Well I have found this forum to be very helpful so you did a good thing by coming on here and posting, for some people that's not easy. I am sorry you are going through this. It's very painful. However, from the little you wrote you made some smart comments such as you do realize that you need to give him space. That's number one right now and number two is that you realize that you caused some of this. It sounds like you two had a good marriage just maybe lacking excitement. You mentioned that both of you didn't want to upset the other by not bringing up some issues such as sex( or lack there of) etc. But look at what is happening now bc both of you chose not to discuss it. Use this time for you.
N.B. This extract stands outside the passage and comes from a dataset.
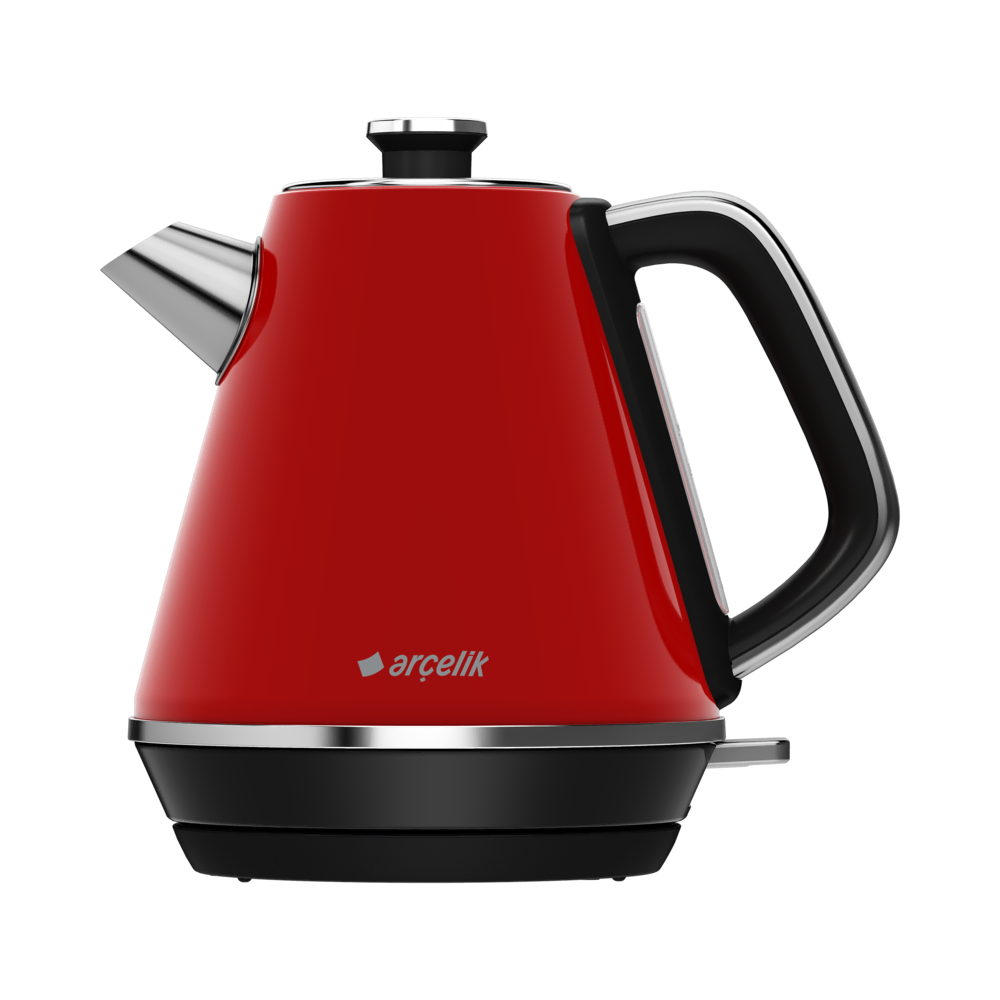 KL 6422 Retro Kettle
Give him his space but work on you. Get to the bottom of some issues that you feel were your part. Communication is a big part of a successful marriage and that could be where you both were lacking. I know you mentioned you are shy, but get out. Talk to your friends. And if you feel like you don't really have any or none that you want to discuss this with...maybe poss. counseling? Or join a club. Take a class at a local community college. Find what you enjoy and hopefully he will use this time to do the same. That way when you two reunite, you both will have hobbies and interests and that will keep things exciting.


----------



## ZoeCat (Nov 20, 2009)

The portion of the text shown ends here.